# Parsing
## Capacity

In [None]:
#Formatter for capacity analysis

import pandas as pd
import matplotlib.pyplot as plt
import numpy as np

In [None]:
car_park={
         "Paseo":0,
         "Marengo":1,
         "Los Robles":2,
         "Holly":3,
         "Del Mar":4}

#column dict
cols=["Park Trans #",
          "Car Park #",
          "Entry Time",
          "Exit Time",
          "Net Price",
          "Net Turnover",
         ]
col_use=cols[1:]

#get rid of parking transaction number

path="D:\Datasets\Del Mar Goldline Station\parsed_mar\\"
all_ent_ppa='all_ENT_PPA.csv'

data=pd.read_csv(path+all_ent_ppa,header=None,names=cols,usecols=col_use)

In [None]:
#convert Nans to -1
data.fillna(-1,inplace=True)

#unknown transaction
data['Unknown'] = [1 if x==-1 else 0 for x in data['Net Price']]

#free
data['Free'] = [1 if x==0 else 0 for x in data['Net Price']]

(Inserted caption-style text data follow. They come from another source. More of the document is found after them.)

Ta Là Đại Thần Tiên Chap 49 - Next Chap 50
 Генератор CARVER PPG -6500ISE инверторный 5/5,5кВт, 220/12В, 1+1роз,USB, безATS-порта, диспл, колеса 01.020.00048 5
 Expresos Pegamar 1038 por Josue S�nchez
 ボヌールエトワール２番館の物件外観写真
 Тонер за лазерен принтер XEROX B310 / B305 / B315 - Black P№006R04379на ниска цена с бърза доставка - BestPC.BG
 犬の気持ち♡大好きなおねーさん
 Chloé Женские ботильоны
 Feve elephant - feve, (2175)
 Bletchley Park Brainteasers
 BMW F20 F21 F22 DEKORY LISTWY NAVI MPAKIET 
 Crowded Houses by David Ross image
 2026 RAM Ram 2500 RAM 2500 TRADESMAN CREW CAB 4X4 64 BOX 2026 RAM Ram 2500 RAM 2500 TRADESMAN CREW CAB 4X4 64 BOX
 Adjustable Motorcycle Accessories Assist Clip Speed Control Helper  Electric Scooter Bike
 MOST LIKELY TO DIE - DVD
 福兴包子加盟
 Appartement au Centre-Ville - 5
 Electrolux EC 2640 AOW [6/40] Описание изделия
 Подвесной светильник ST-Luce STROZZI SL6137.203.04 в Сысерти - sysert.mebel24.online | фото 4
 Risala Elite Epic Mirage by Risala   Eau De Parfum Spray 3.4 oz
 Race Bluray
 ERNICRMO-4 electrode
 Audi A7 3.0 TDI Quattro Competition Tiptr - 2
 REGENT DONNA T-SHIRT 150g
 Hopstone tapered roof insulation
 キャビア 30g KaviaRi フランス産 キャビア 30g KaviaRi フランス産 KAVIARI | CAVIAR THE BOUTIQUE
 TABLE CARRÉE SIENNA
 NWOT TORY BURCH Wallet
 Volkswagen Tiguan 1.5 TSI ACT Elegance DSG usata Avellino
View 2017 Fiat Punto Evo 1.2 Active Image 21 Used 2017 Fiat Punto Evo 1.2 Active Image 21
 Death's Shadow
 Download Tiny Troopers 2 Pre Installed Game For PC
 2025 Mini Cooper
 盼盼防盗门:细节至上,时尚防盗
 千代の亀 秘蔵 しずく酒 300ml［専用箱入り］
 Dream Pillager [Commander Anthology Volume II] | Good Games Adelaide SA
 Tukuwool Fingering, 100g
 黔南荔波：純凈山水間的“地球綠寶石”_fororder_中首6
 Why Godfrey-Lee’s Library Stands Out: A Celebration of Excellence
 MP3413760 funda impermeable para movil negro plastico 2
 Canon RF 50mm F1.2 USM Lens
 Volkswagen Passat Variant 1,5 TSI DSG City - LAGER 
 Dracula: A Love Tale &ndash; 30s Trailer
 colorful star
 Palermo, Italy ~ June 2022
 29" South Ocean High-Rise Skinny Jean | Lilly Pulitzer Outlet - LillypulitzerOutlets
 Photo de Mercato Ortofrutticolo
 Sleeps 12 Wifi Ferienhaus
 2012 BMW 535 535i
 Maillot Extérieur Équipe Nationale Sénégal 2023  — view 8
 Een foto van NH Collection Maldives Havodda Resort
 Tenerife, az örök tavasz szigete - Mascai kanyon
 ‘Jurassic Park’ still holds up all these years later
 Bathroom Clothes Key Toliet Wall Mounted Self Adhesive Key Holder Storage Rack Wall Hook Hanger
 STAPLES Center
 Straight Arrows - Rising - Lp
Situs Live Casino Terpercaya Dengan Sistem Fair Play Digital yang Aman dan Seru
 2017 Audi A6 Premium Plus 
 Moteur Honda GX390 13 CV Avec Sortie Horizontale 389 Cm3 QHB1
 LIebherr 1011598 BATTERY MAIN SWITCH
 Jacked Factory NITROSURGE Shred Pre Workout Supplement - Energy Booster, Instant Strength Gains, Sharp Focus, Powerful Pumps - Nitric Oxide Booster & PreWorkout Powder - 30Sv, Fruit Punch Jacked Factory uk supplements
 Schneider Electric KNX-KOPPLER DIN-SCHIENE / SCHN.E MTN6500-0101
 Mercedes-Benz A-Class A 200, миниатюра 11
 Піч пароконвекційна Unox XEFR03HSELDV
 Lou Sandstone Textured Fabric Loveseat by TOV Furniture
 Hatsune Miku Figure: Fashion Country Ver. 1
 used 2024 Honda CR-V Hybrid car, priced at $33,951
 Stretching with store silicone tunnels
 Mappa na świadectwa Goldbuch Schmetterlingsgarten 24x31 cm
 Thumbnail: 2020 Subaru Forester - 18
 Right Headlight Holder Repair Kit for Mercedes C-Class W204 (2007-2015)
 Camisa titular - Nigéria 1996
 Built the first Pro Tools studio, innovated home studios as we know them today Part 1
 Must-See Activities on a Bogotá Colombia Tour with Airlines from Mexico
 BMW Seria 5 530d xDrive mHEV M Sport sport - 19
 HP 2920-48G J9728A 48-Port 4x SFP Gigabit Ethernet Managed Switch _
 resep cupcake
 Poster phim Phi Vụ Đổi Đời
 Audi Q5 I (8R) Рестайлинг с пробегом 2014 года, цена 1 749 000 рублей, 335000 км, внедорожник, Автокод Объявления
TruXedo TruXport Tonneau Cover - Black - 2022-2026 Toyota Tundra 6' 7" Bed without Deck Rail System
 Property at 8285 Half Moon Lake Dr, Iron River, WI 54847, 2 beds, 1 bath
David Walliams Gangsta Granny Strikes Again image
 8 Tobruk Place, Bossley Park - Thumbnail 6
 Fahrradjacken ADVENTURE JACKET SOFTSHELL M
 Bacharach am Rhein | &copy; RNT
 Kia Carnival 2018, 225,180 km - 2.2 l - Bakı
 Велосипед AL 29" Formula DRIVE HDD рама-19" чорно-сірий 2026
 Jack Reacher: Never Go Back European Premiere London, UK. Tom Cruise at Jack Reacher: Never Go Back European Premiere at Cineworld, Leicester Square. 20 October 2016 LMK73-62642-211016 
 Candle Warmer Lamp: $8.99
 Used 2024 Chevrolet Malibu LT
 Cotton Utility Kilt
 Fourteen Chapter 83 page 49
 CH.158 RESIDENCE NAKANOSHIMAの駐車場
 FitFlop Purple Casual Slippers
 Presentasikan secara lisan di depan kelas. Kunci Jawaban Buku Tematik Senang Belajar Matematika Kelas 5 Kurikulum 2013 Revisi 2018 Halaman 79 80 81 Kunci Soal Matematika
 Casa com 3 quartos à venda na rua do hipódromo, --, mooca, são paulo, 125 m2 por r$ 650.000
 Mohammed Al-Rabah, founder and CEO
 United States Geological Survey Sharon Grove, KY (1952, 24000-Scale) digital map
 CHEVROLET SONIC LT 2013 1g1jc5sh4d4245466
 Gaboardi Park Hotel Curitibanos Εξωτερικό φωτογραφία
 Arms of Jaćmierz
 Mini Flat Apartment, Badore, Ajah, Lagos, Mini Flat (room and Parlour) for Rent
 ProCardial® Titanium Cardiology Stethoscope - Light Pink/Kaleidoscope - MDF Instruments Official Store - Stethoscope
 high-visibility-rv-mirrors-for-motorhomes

# add new column -> 0 if full price, 1 if discounted
# no overlap with unknown
# no overlap with free
data['Discounted'] = data.apply(lambda x : 1 if x['Net Price'] != x['Net Turnover'] and x['Unknown']==0 and x['Free']==0 else 0, axis=1)

#full price
data['Full Price'] = (data['Discounted']+data['Free']+data['Unknown']+1)%2

#to datetime
data['Entry Time']=pd.to_datetime(data['Entry Time'],format='%Y-%m-%d %H:%M:%S')
data['Exit Time']=pd.to_datetime(data['Exit Time'],format='%Y-%m-%d %H:%M:%S')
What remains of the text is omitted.